How to Light

How to Light: How do we know an LED spec provides value for money?

A reader had a question regarding the commercial evaluation of an LED lighting framework. ‘How can we ensure we do not end up with the cheapest suppliers? Asking suppliers to quote for a mini project, or asking them to provide project rates, would still result in the cheapest offer scoring highest.

‘Of course, there is the written quality part, and while this can be a greater percentage of the scores, I am still very aware that suppliers with the cheapest rates could simply inflate their product performance figures. Do you have any recommendations in terms of how to ensure the quality of the lights being supplied?’

Manufacturers will, inevitably, put a spin on whatever data they provide, so it’s important to get knowledgeable, independent eyes looking at whatever proposals are put in front of you.
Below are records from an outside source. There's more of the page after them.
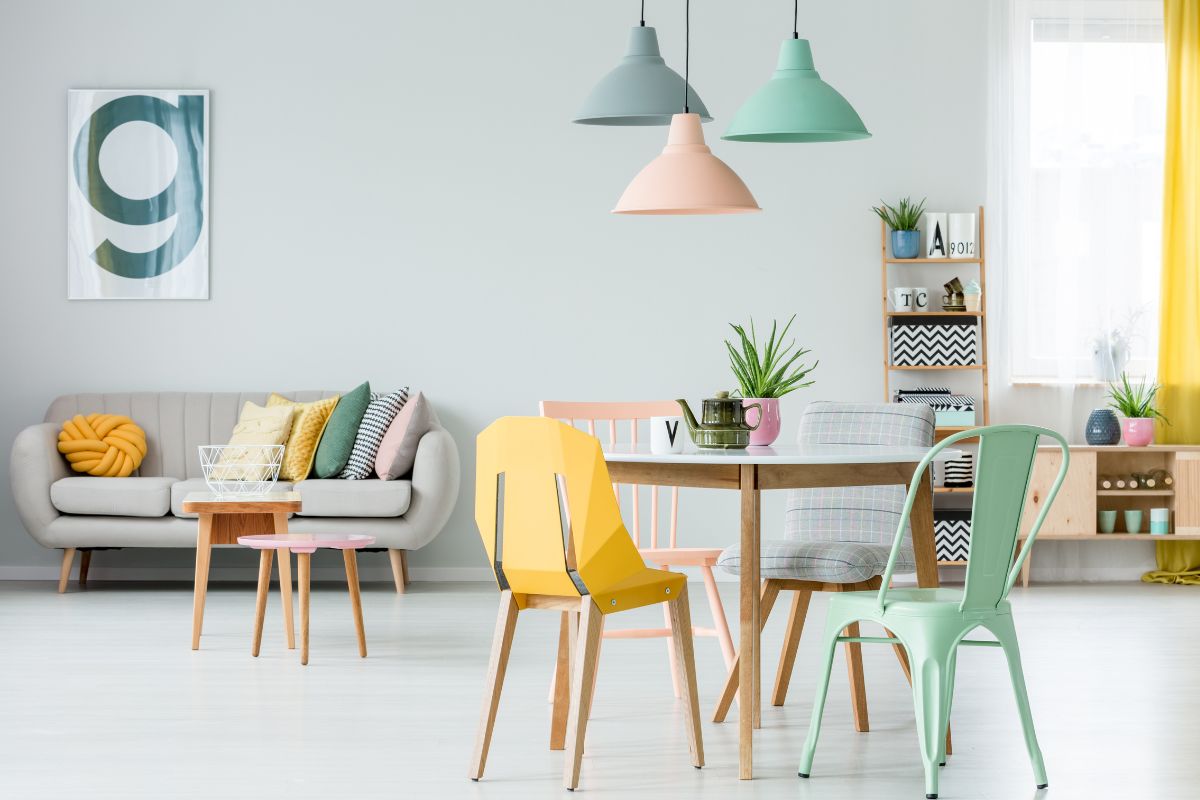 meubles en bois avec des couleurs pastel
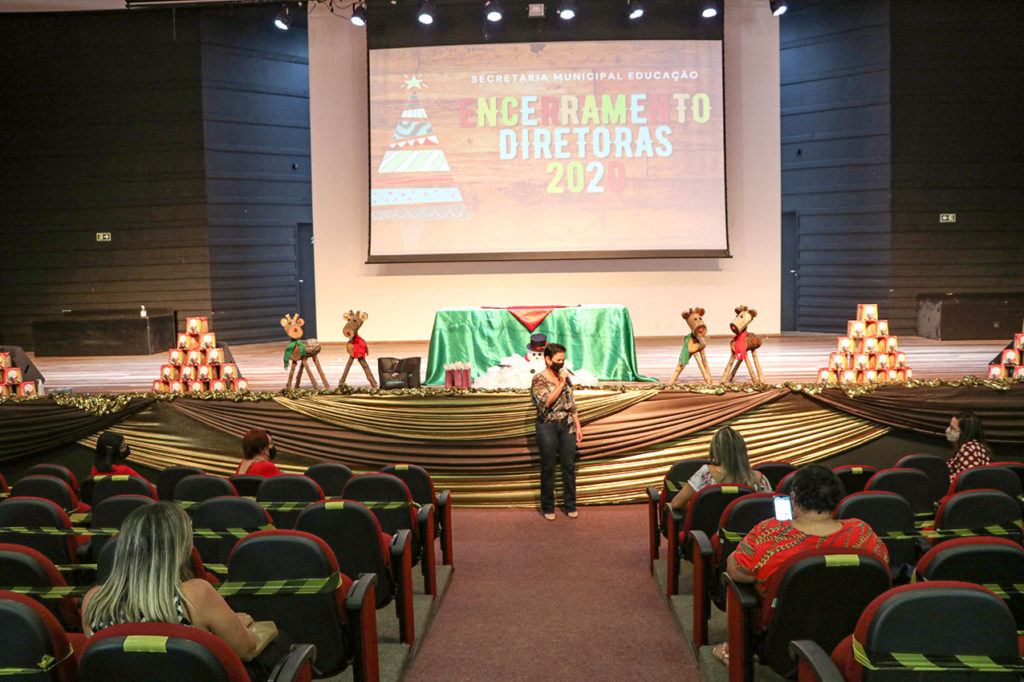 encontro com as diretoras das unidades de ensino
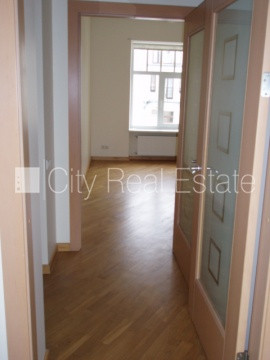 Fasādes māja, renovēta māja, fasāde ar dekoratīvo apmetumu, slēgts pagalms, ieeja no ielas Rīga - foto 10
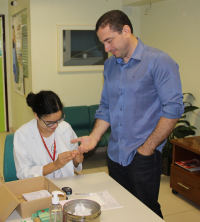 Estagiária de enfermagem Jéssica Kerlen, da Seção de Saúde, faz o teste de glicemia no servidor Luiz Alberto
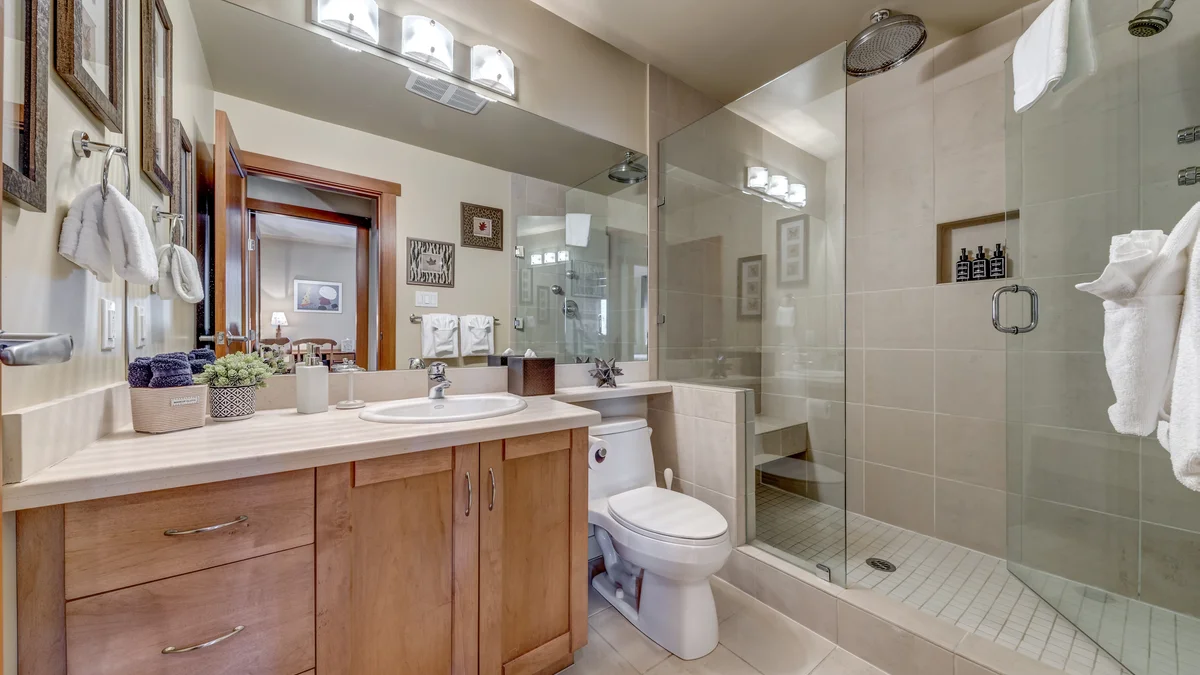Lower Floor Full Bathroom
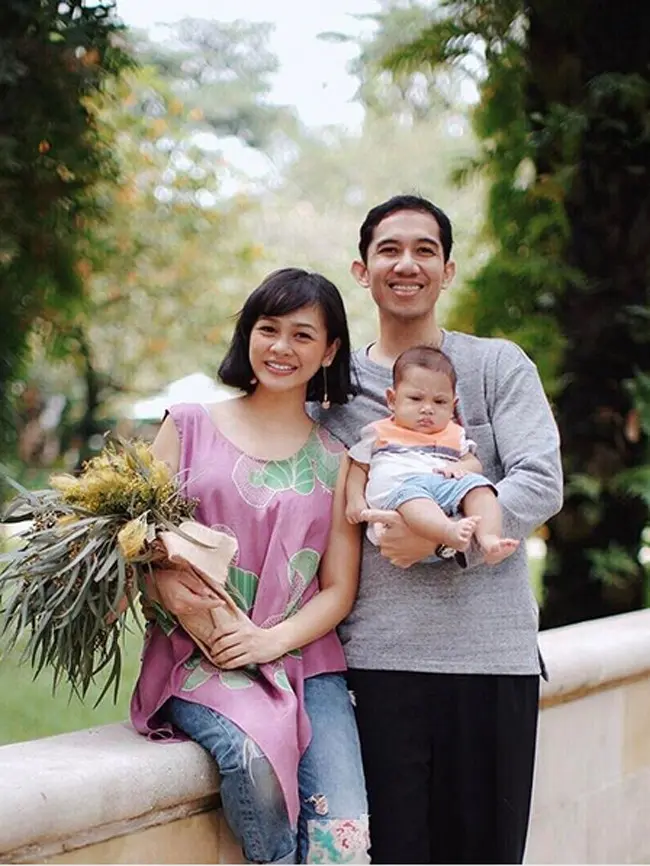 Andien bersama suami, Ippe dan anaknya, Askara. (Instagram)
This is about looking behind the numbers and making an assessment of how realistic the manufacturers and suppliers have been in the proposals.
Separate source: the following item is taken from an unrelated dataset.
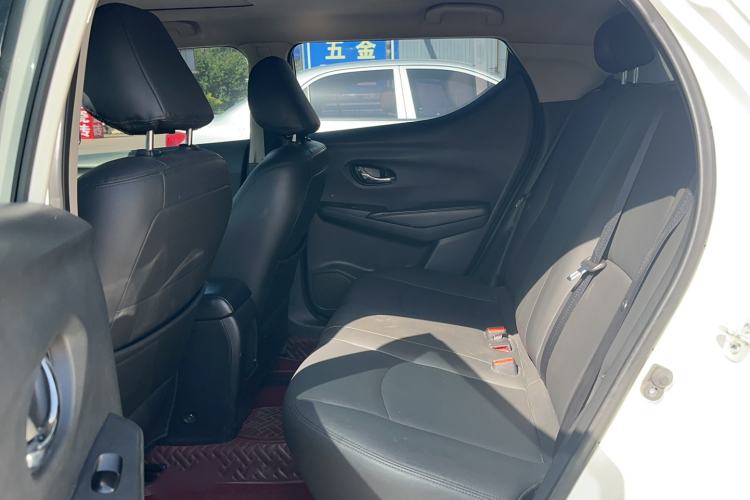 Used Nissan Lannia 2020 1.6L CVT Smart Connect Smart Cool Edition Interior 3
A comparatively recent trend is the introduction of the effects of time into performance data. Before LEDs, we all knew roughly how long light sources would last, so ongoing maintenance could be costed with that in mind. And, let’s not forget, replacing a lamp was like hitting the reset button, more or less giving you back your original installation. But if someone tells you that an LED fixture has an operational life of 50,000 hours, it raises a few questions.

1. How does 50,000 hours translate into real life? (One hundred per cent usage would only be five years and nine months, after all.)

2. What happens at 50,000 hours? The light doesn’t just go off; the figure is based on deterioration in light output to – what? Seventy per cent? Eighty per cent? Ninety per cent?

3. What happens to the fixtures at 50,000 hours? Do they need to be completely replaced, or is it a cassette-style design that enables you to keep housings, only replacing the electronics?


Supermarkets, county councils and other big estates are trying to lock companies into long-term contracts, guaranteeing that the fixtures function throughout their life as stated in the original bid. That’s OK if you can ‘guarantee’ that the supplying company will still be around if and when the fixtures start to fail early.

Lighting designers and consulting engineers – those of us who are independent of the supply chain – will always say that the cheapest is never the cheapest. My colleague at Lux, Alan Tulla, puts it succinctly: ‘Buy cheap – buy twice’, and that truth blows the RoI for a cash-starved budget straight out the window.

At the end of the day, the cheapest scheme will be the most reliable. It will not have required any emergency call-outs, ad hoc fixture replacements or component failures – and it will have provided the required light performance throughout. And it’s highly unlikely that this will have been the lowest-cost fixture on offer.